We therefore propose using a JavaScript Applet embedded inside the platform, which can be accessed easily by transcribers. To improve accuracy, we propose using a segmentation process to the audio file before we add the script. We will use short-time energy (ShorttimeEn) to detect long pauses in the audio.

This measure can differentiate silence from speech and is calculated by the following equation [1]:

$$ {\mathrm{Short}}_{\mathrm{time}}\mathrm{E}\mathrm{n}={\displaystyle \sum_{-\infty}^{\infty }}\left[x(m)w{\left(n-m\right)}^2\right]={\displaystyle \sum_{m=n-N+1}^{m=n}}x{(m)}^2 $$
(1)

Where x(m) is audio signals, w(m) is a rectangle window of length equal to N, and n is the index of the ShorttimeEn. When ShorttimeEn drops below a certain threshold, we consider this frame as a pause. After such a pause has been detected, we save its location. Therefore, there will be no captioning during long pauses. This process is fully automated since we are not going to make any physical changes to the original audio.

The speech that is converted to equivalent text in dashboard 2 (transcriber interface) will be selected, long pauses will be identified, text vocabularies will be divided over the length of the audio after extracting long pauses, and vocabularies will be embedded in the correct time frame with no pauses. As we know, the manual captioning is labor intensive.

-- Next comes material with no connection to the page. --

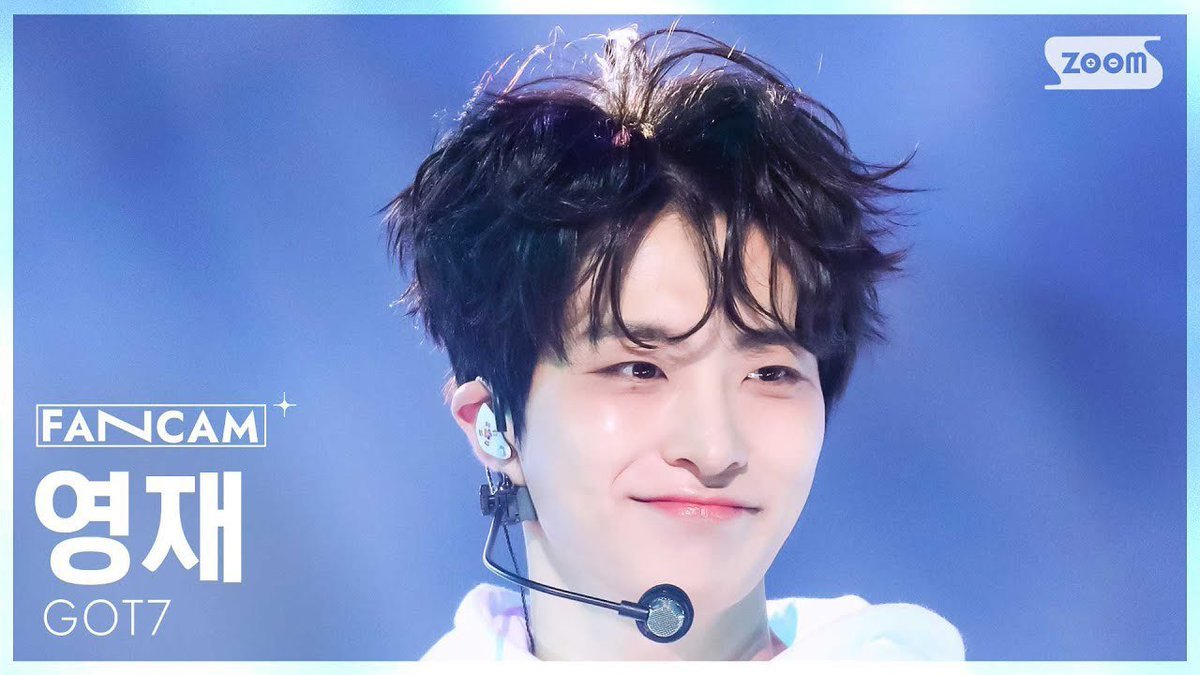 [안방1열 직캠4K] 갓세븐 영재 'PYTHON' (GOT7 YOUNGJAE FanCam) <a href="/SBS/">SBS Australia</a> Inkigayo 250126 
youtu.be/yp2ftQjvC88?si… 
#GOT7 #갓세븐 #영재 #최영재 #YOUNGJAE #Ars
<a href="/ChoiArs_YJ/">YOUNGJAE</a>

Therefore, this solution will have a significant impact on the system performance.

Research Questions and Evaluation Methods

Our research questions involve the effectiveness of using captioning to improve outcomes, as follows:

  1. 1.

    Does the integration of accessible STEM videos improve study skills for students with disabilities in STEM programs?

  2. 2.

    Does the integration of accessible STEM videos improve student grade point averages for students with disabilities in STEM programs?

  3. 3.

    Does the integration of accessible STEM videos increase student persistence in STEM programs among students with disabilities?

Conclusion and Future Work

We presented a UVC infrastructure that provides a universal online model for video captioning to accommodate the unprecedented growth of video lectures. The UVC platform can serve as a repository for uploading videos and scripts. Captions can be automatically embedded inside educational videos using an enhanced and extended web-based version of our current software, to accommodate a variety of video formats. STEM teachers will be able to use the online UVC platform to upload audio and video and will receive a notification to download the original multimedia with synchronized captions and the transcript.

The proposed platform promises to (1) promote better opportunities for students with disabilities in STEM programs to understand their materials and (2) open new avenues for research on students’ learning styles. The combination of online resources can foster our understanding of how students with disabilities benefit from the online learning and how they collaborate with their teachers.

After the implementation phase, we plan to measure the impact and effectiveness of adding captioning in educational videos on studying, grades, and persistence for individuals with disabilities compared to non-captioned videos (quasi-experiments). This will increase our understanding of students with disabilities in STEM programs and will shed light on their diverse talents and ways of learning. By transforming the online components of STEM education, we hope to help enhance career opportunities for students with disabilities.